“Lo escludo”: la fase tre di Draghi fatta di disincanto e distacco
È evidente il tentativo – il ritorno alla prima – agevolato dal recupero di una “terzietà” anche orgogliosa e anche di una certa libertà di azione e parola. Mica male la botta ai Cinque sul super-bonus: “Chi ora tuona, è chi ha scritto la legge”. Praticamente ha spiegato al partito di maggioranza relativa in Parlamento che la tanto sbandierata rivoluzione è una truffa, che non ha inciso sul Pil dell’edilizia. Ricorda, per durezza, quando disse Salvini che invitare a non vaccinarsi equivaleva inneggiare alla morte. Ma è altrettanto evidente che la riuscita del tentativo di rilancio è legato proprio a come il premier si approccerà al nuovo contesto, radicalmente mutato nei suoi assi portanti. Si sarebbe detto una volta: oggettivamente, e cioè il quadro internazionale, più impegnativo rispetto alle previsioni per un paese ad alto debito pubblico, e quello nazionale, segnato da un nuovo capitolo dello sfarinamento dei partiti. E soggettivamente: come cioè si porrà verso la politica, perché un conto è rimanere fuori dal gorgo degli schieramenti che verranno altro è la funzione di guida politica. Oggi il rigetto, ma il Quirinale ha chiuso, bon gré mal gré, il momento del tecnico “prestato” alla politica, facendo emergere, nel vuoto dei partiti, un grande bisogno di azione politica: obiettivi, spiegazioni, narrazione.

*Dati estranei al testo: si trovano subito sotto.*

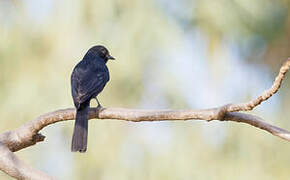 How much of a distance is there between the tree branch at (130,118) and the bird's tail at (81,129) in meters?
0.22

Ecco la sfida, tra turbolenza inflattiva e turbolenza politica. Per intenderci: se al posto della giustizia, ci fosse stata la finanziaria? Il provvedimento è stato varato, ed è già impresa titanica con una maggioranza del genere. E contiene dei punti non banali, dalla fine delle porte girevoli al nuovo sistema elettorale per il Csm. Ma, proprio al momento dell’approvazione, la riforma è stata vissuta come figlia di tutti e di nessuno. Ognuno rivendica un successo per la propria parte, annunciando contemporaneamente modifiche in Parlamento. Sono gli stessi che immaginavano un anno di spesa facile, prima della spirale “aumento delle materie prime-inflazione”. E che voteranno i provvedimenti economici nell’anno della lunga campagna elettorale. Insomma, magari non sarà lacrime e sangue, ma le contraddizioni nella maggioranza sono inevitabilmente destinate ad aumentare. E con esse il tema: se per governare tutto ciò serva il tecnico, o il tecnico dovrà farsi più politico della politica in crisi.